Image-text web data

◇ ◇ ◇ ◇

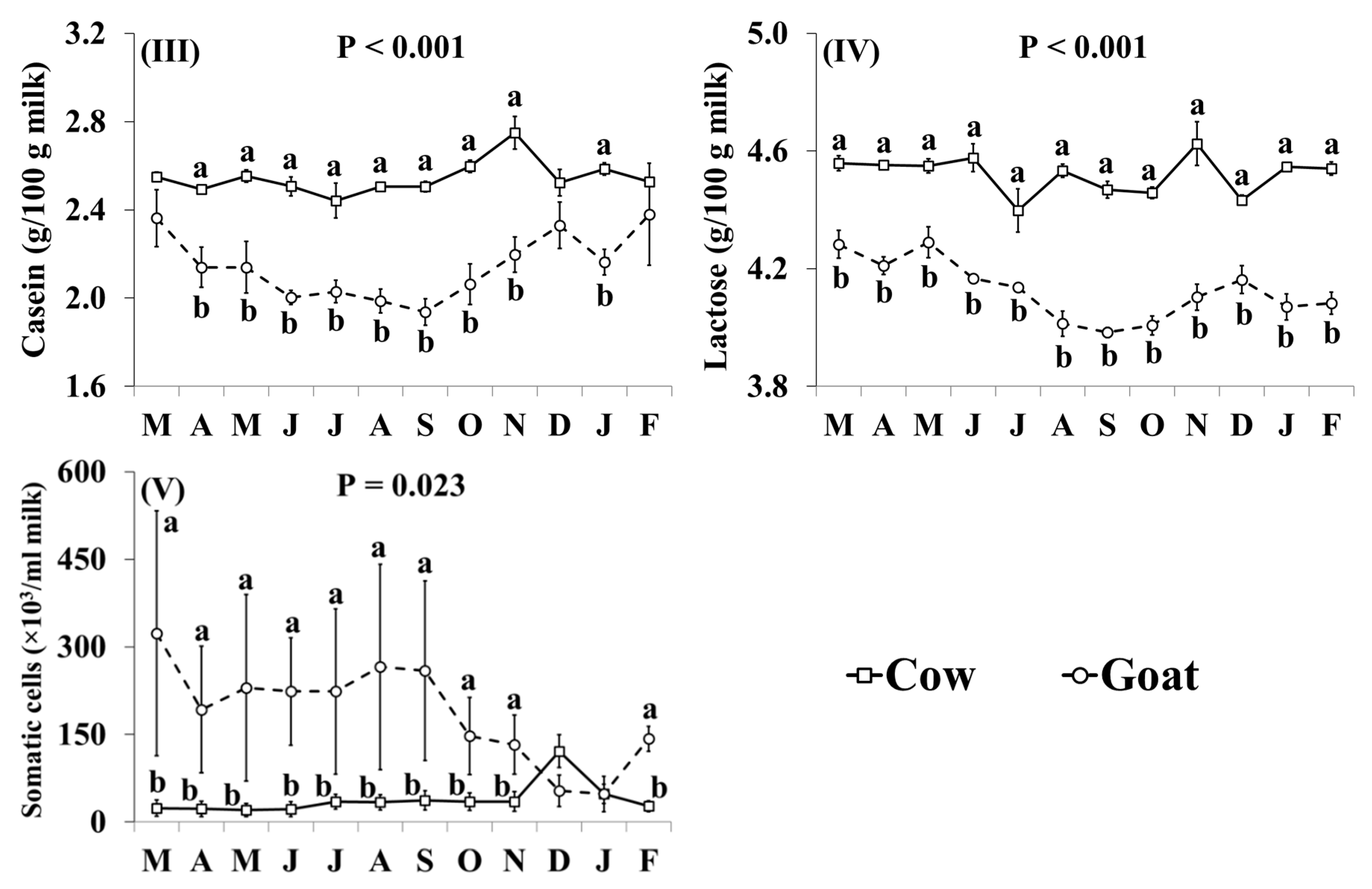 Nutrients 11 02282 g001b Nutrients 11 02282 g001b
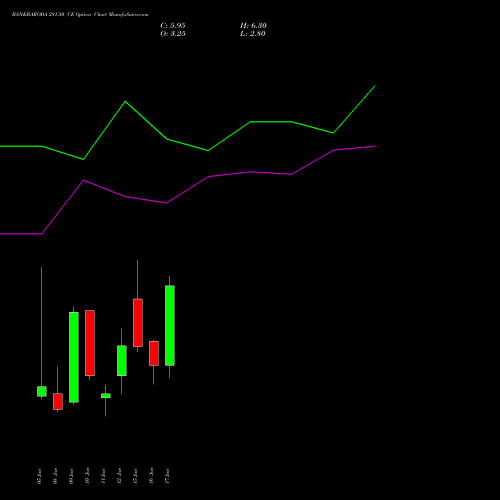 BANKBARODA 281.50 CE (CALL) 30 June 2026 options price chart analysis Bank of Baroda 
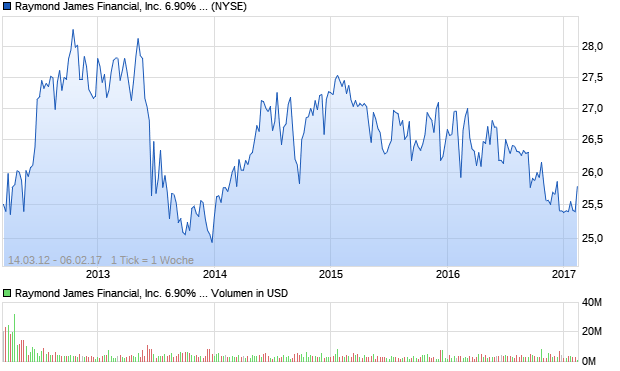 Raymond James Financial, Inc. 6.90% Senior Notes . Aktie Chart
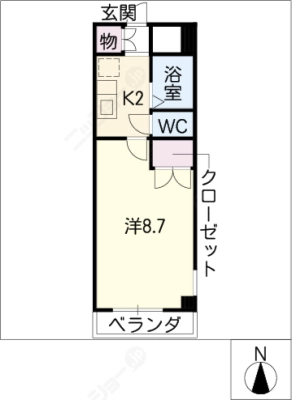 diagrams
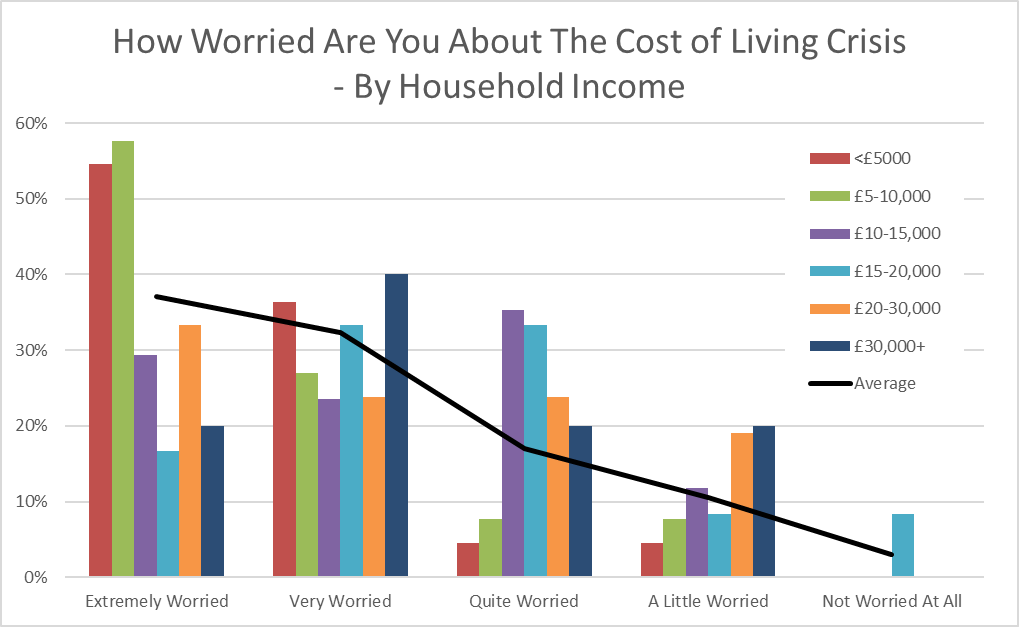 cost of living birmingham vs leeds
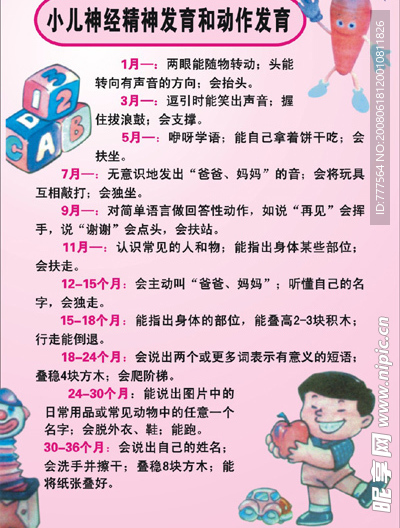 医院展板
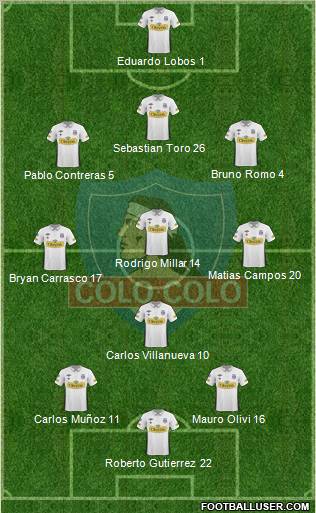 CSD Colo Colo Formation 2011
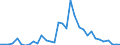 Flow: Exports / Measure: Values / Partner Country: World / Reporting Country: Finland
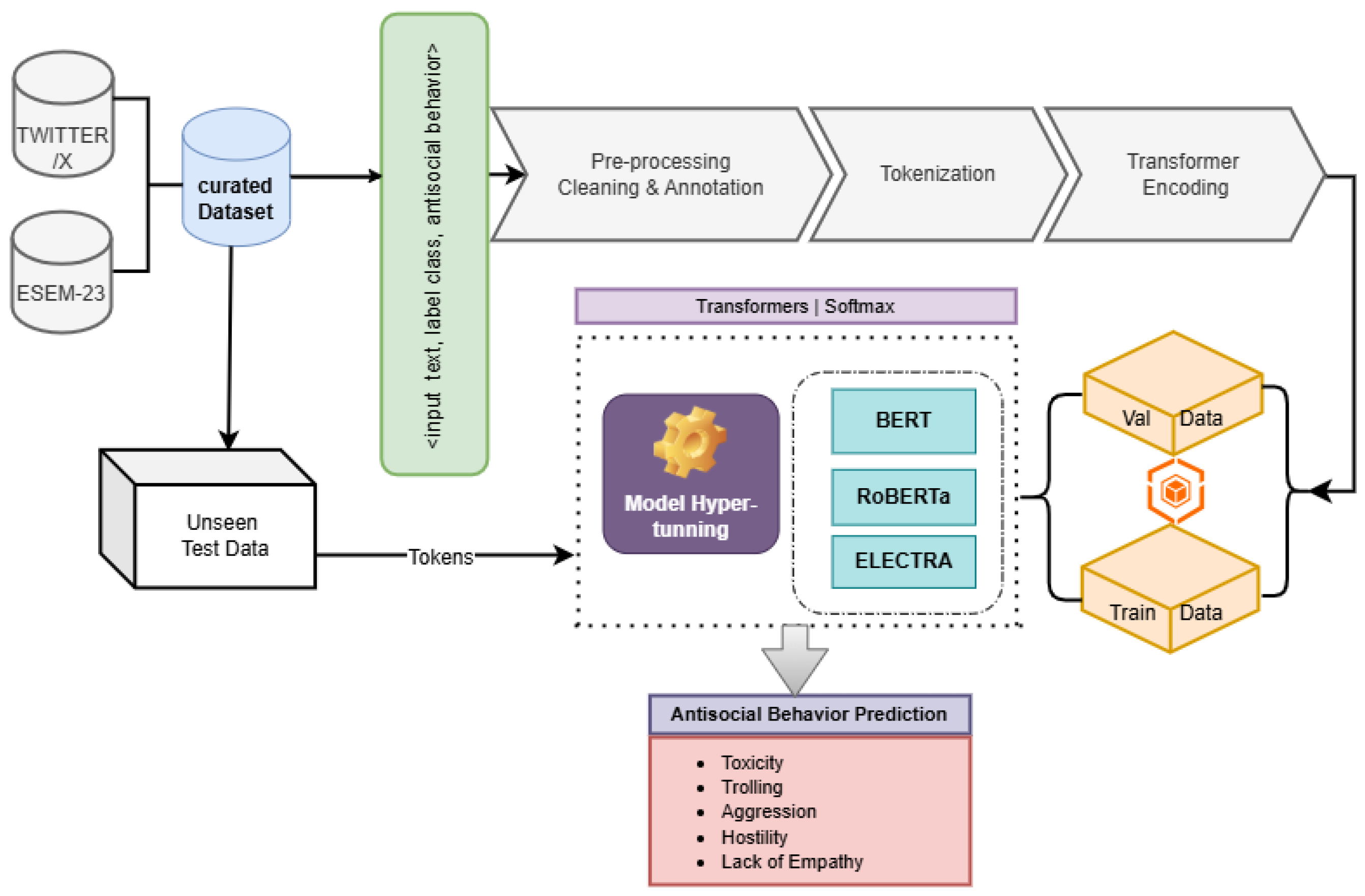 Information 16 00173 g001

◇ ◇ ◇ ◇

*TASK DESCRIPTION:* Word for word, print all of the data; skip the pictures.

*RESULT OF THIS TASK:*
 Nutrients 11 02282 g001b Nutrients 11 02282 g001b
 BANKBARODA 281.50 CE (CALL) 30 June 2026 options price chart analysis Bank of Baroda 
 Raymond James Financial, Inc. 6.90% Senior Notes . Aktie Chart
 diagrams
 cost of living birmingham vs leeds
 医院展板
 CSD Colo Colo Formation 2011
 Flow: Exports / Measure: Values / Partner Country: World / Reporting Country: Finland
 Information 16 00173 g001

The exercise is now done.